$f \ RI \ on \ [a,b]$
$inf_{[a,b]}(f) = m_1 \leq f \leq m_2 = Sup_{[a,b]}(f)$
Then,
$$m_1(b - a) \leq \int_{a}^{b}f(x)dx \leq m_2(b - a)$$
I think I just need some clarification on this. Why is this not an obvious result? I feel like this is trivial and there is nothing to show. We know that the definition of the upper and lower sums are the infimum and supremum times the size of the interval.
By defininig the inf and sup as $m_1$ and $m_2$, I feel like $m_1(b - a)$ and $m_2(b - a)$ are literally $L(f,P)$ and $U(f,P)$.
Then, since $U(f) = Inf_{P} (U(f,P))$ and $I(f) = Sup_{P} (I(f,P))$,
it is a known result that $U(f) \leq U(f,P)$ and $I(f) \geq I(f,P)$
Since we also know that for the integral to exist, $\int_{a}^{b} f(x) dx = U(f) = I(f)$. So,
$$m_1(b - a) = I(f,P) \leq I(f) = \int_{a}^{b}f(x)dx = U(f) \leq U(f,P)) = m_2(b - a)$$
Is this actually the entire proof or am I missing something? It's basically a one-step problem right now, so I'm not entirely confident I'm doing it right. Can anyone confirm\deny this for me? Thanks!

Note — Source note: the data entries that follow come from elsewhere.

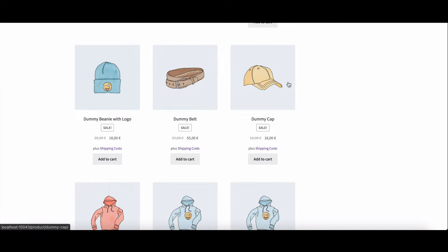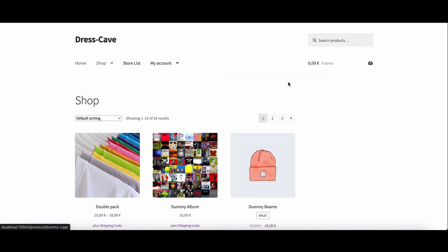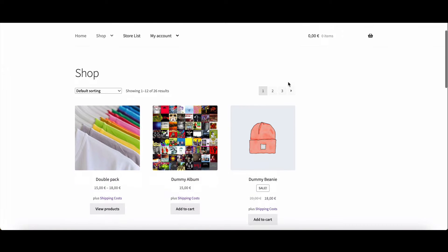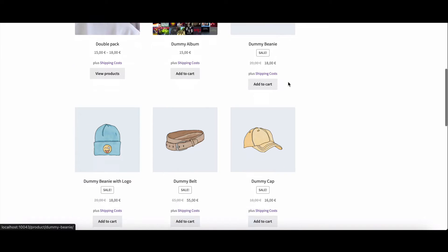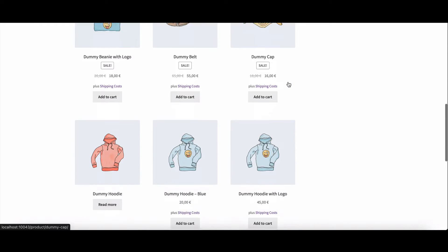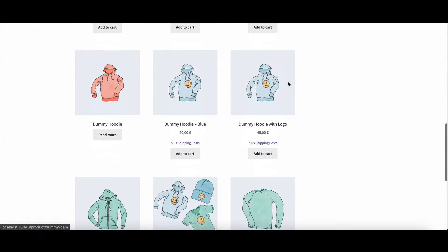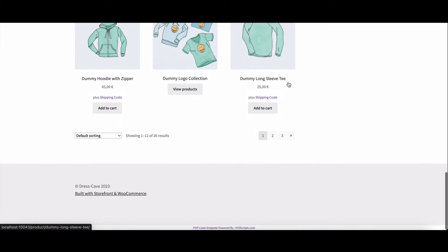Welcome to our tutorial on customizing your WooCommerce shop page title. In this video, we'll explore three easy methods to make your online store stand out. Let's dive in. Method one:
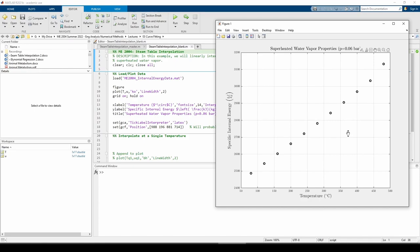Suppose we want to find the specific internal energy at T equals 300C. From the plot, 300C falls squarely between two known data points, so we need to use interp1.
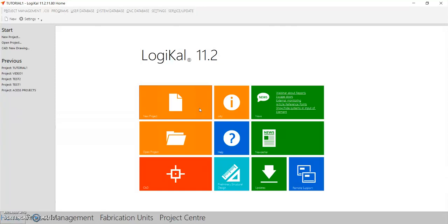Today we're going to look at Logical software by Orca Data. In this video, we are going to look at how to create windows in the software. Let's start — this is the home screen of the software.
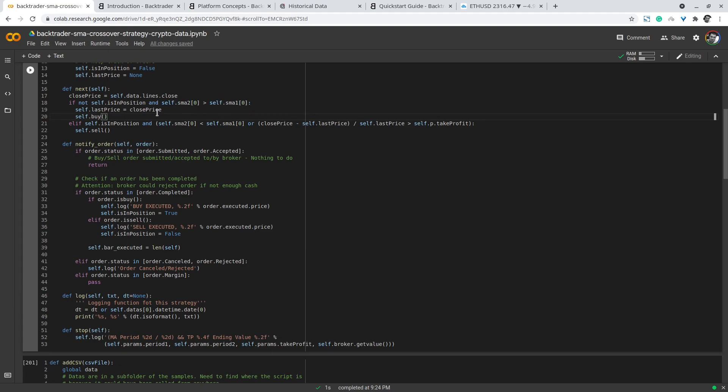On the opposite, if we are in a position and the short term period goes below the long term period, or if we have a percentage of change over the last price that is greater than the take_profit percentage, then we sell or exit the position.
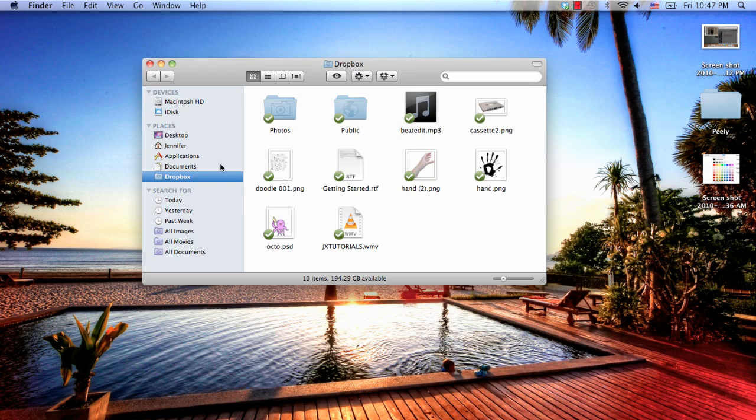The name pretty much explains it. You just drag whatever file you want to share between all the computers that you have Dropbox installed on, and it will share them. That's just a really quick video.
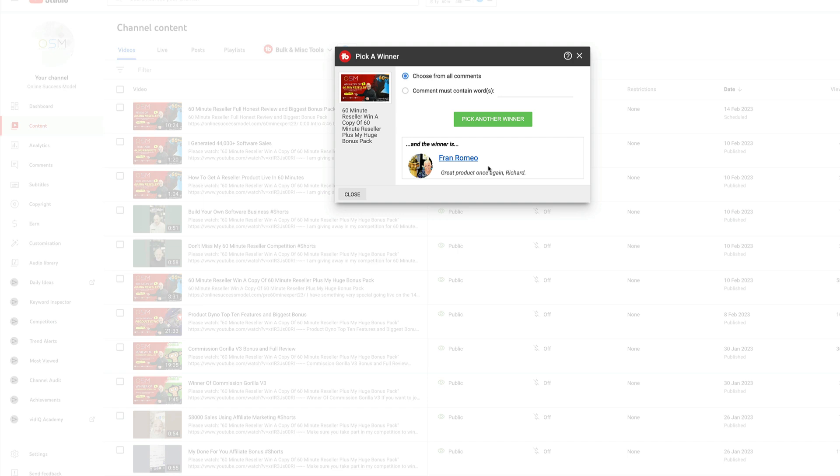And the winner is Fran Romeo. Great product once again, Richard. So congratulations Fran, just open a support ticket and my team will get you set up with everything you need.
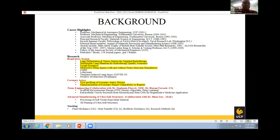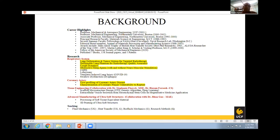My research spans about four major areas, though I'll focus on only two: the respiratory system and the coronary artery or cardiovascular system. Some newer areas I recently initiated in collaboration with UCF faculty include tissue engineering, advanced manufacturing of ultra-structures, and teacher engineering. My teaching includes fluid mechanics, heat transfer, and research methods.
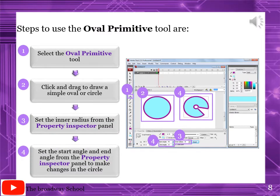On page number 138, steps to use the oval primitive tool: first, select the oval primitive tool from the oval drop-down arrow. When you click the drop-down arrow, you get a list to select the oval primitive tool. Click and drag to draw a simple oval or circle on the stage. Set the inner radius from the property inspector. Set the start angle and end angle from the property inspector panel to make changes in the circle.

You wrote that “$m_1(b - a)$ and $m_2(b - a)$ are literally $L(f,P)$ and $U(f,P)$”, but this doesn't make sense unless you tell is which partition $P$ is. It turns out that what you wrote is actually true if $P=\{a,b\}$. And it follows from this that, indeed\begin{align}m_1(b-a)&=L(f,\{a,b\})\\&\leqslant\int_a^bf(x)\,\mathrm dx\\&\leqslant U(f,\{a,b\})\\&=m_2(b-a).\end{align}